(Excerpts from a dataset)
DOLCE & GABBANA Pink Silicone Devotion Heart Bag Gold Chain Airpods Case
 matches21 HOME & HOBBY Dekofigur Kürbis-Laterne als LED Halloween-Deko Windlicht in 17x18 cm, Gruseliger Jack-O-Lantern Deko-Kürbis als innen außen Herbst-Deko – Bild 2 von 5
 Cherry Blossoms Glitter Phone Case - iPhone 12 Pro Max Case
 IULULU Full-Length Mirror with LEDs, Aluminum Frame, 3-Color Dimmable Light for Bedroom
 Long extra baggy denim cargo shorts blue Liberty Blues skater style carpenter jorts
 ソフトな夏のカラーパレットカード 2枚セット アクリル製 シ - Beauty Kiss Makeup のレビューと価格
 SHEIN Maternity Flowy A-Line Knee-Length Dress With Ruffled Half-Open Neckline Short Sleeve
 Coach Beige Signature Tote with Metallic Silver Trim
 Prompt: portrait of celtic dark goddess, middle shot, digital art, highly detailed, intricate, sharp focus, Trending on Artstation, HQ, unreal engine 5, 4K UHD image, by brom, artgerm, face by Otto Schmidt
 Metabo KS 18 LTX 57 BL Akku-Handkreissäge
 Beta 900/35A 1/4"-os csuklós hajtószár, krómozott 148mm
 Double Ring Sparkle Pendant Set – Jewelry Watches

## Work instructions:
What needs duplicating is the run of lines from the one containing "SHEIN Maternity Flowy" through the last line of the entries above, exact and complete.

## Answer area:
 SHEIN Maternity Flowy A-Line Knee-Length Dress With Ruffled Half-Open Neckline Short Sleeve
 Coach Beige Signature Tote with Metallic Silver Trim
 Prompt: portrait of celtic dark goddess, middle shot, digital art, highly detailed, intricate, sharp focus, Trending on Artstation, HQ, unreal engine 5, 4K UHD image, by brom, artgerm, face by Otto Schmidt
 Metabo KS 18 LTX 57 BL Akku-Handkreissäge
 Beta 900/35A 1/4"-os csuklós hajtószár, krómozott 148mm
 Double Ring Sparkle Pendant Set – Jewelry Watches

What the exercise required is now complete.